Sunday, December 28, 2008

The Season of Surprises

Who would have guessed that three days after Christmas we would be riding our bikes in a record-breaking 66°F? A surprise gift for all to enjoy, so we left our coats, hats and gloves behind and took a quick trip around town with the warm winds from the south that are passing through. What a treat after weeks of rainy weather, below-freezing weather, and feeling under-the-weather. The best gifts don't need batteries.

A summer-like sunset in December

Starry Night

Christmas Corral

And who would have guessed that the Philadelphia Eagles would beat the Dallas Cowboys by a score of 44-6 to make it to the playoffs on the same day? A season of surprises, indeed!

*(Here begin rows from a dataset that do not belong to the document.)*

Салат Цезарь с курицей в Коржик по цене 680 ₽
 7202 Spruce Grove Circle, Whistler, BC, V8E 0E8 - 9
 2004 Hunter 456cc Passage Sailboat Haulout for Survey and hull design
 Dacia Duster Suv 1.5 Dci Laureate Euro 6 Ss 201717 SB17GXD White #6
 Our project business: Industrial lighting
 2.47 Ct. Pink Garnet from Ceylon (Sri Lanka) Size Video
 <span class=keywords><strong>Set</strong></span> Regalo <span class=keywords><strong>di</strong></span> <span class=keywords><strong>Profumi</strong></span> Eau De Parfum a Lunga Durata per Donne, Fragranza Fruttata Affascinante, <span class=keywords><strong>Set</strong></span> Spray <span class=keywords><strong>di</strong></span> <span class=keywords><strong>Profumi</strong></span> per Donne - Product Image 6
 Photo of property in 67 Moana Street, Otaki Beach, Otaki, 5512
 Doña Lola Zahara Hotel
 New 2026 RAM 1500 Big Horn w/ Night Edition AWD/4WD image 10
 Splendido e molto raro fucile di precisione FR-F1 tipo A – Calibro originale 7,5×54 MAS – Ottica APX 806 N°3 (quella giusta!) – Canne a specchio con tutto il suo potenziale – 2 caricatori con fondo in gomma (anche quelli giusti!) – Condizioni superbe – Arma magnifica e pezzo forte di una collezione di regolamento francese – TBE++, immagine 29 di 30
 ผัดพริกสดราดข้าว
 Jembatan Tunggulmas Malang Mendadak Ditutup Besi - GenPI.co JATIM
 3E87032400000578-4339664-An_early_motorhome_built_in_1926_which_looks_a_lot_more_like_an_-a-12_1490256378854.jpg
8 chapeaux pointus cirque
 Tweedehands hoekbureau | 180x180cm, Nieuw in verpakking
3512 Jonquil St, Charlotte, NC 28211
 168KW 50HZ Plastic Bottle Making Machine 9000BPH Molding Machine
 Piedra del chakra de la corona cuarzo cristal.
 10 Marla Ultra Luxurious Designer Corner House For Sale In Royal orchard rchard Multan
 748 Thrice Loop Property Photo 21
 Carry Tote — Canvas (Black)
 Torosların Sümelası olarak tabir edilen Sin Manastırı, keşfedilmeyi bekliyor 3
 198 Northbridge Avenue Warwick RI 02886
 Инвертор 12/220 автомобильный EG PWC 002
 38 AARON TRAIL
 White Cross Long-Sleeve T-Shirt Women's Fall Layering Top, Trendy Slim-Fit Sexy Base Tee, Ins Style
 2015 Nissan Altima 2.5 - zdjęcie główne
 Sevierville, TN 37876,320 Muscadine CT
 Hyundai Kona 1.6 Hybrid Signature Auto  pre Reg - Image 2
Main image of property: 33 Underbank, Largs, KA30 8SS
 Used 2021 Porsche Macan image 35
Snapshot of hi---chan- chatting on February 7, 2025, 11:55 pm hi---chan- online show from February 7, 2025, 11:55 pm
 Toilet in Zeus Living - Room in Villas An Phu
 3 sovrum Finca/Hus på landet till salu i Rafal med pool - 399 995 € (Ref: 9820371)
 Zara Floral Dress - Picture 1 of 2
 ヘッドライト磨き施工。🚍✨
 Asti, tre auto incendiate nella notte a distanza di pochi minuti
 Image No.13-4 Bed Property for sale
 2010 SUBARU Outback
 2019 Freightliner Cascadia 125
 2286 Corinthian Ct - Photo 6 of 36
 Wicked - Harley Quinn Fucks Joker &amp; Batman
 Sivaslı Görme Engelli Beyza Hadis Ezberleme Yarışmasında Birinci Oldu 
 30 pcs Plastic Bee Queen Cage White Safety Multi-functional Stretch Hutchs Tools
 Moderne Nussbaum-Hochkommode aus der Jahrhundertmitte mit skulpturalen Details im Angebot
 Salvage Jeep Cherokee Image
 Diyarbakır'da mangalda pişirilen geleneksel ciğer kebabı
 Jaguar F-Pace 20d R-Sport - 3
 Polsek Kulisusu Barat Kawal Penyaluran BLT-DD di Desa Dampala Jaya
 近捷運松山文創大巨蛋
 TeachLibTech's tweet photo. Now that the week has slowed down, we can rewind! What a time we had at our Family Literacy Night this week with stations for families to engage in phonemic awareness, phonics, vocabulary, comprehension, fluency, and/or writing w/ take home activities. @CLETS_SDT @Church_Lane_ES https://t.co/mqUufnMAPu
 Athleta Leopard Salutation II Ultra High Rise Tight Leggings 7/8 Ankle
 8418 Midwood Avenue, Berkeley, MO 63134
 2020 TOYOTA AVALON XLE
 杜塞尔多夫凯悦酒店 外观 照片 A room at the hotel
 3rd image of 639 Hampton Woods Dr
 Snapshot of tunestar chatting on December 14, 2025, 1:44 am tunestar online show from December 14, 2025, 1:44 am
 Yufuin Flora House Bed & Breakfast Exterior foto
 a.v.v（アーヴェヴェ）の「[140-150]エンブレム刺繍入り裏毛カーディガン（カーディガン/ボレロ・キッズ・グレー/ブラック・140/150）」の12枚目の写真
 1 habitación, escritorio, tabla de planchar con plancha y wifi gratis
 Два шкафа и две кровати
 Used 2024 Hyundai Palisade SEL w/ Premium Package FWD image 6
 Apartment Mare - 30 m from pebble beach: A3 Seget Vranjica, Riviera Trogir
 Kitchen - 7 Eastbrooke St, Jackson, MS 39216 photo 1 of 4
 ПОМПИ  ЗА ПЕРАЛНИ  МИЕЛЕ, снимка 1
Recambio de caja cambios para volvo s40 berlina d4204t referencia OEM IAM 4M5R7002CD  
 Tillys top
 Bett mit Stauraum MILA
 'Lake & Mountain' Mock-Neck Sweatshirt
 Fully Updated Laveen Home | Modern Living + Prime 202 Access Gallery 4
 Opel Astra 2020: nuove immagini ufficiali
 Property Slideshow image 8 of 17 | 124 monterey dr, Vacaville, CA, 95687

BIKELites from BIKE Lite on Vimeo.
Happy New Year to all! See you next year!

Monday, December 15, 2008

Supermarket Park It


Okay, more than likely the riders of those six bikes were visiting the REI store to the right of the supermarket (as I was). Nearly every time I’m there, I see a bike or two parked outside, which is not surprising since the Schuylkill River Trail is nearby, but there isn’t a bike rack anywhere. This small shopping center got a makeover last year, but I guess nobody thought of adding a bike rack. Maybe I’ll ask someone at REI about it after the holidays when they have time to chat. Or maybe I’ll send an email since that worked wonders in my town. In the meantime, maybe Santa will leave that Playmobil bike rack in my stocking. It’s so small!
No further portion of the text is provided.